◆ **Task objective**
Scan the entries that follow for the word "with", then report every line in which it appears.

◆ **Records to use**
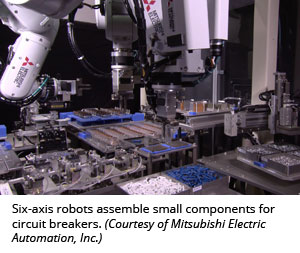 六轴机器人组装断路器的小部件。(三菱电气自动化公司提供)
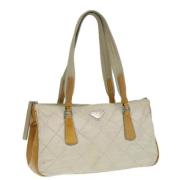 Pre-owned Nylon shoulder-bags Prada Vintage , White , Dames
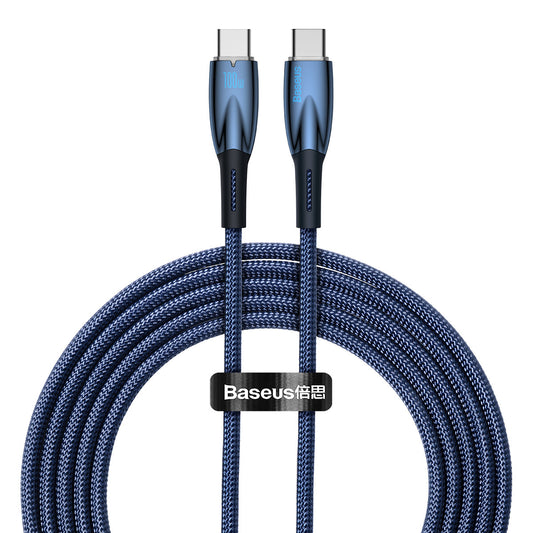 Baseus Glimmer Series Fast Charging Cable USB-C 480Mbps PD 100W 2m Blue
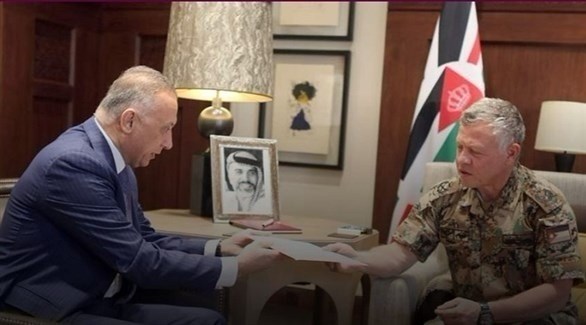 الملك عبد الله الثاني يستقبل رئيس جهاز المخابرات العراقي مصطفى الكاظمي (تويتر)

--

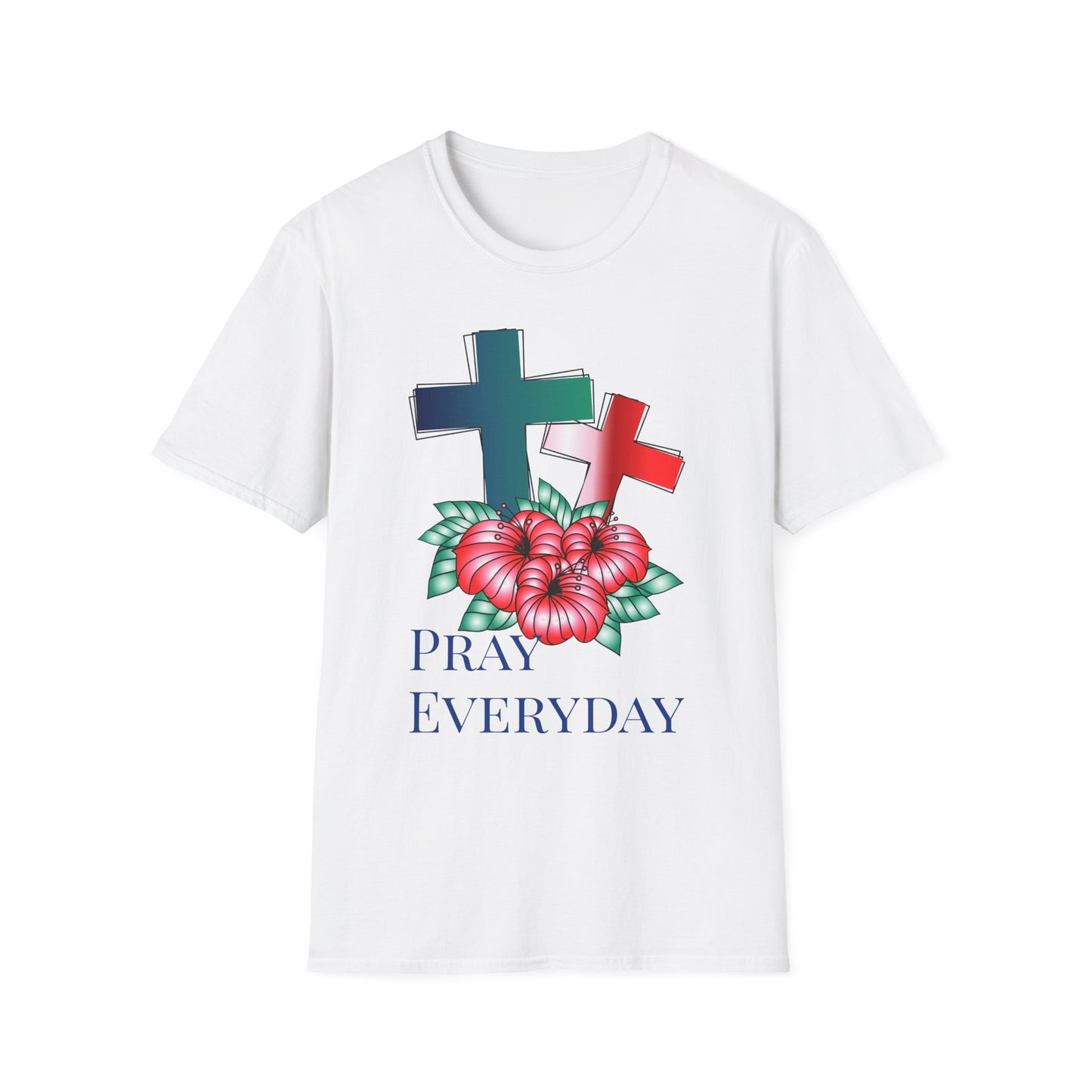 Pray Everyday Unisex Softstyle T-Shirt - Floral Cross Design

* * *

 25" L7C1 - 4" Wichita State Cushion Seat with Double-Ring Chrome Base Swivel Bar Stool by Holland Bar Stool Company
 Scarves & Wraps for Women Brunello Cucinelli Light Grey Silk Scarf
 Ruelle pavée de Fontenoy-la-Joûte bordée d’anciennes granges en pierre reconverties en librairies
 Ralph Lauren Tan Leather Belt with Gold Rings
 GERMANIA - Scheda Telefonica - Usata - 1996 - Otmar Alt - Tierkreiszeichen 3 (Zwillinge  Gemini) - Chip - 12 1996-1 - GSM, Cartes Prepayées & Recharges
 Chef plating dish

◆ **Exercise solution**
 25" L7C1 - 4" Wichita State Cushion Seat with Double-Ring Chrome Base Swivel Bar Stool by Holland Bar Stool Company
 Ralph Lauren Tan Leather Belt with Gold Rings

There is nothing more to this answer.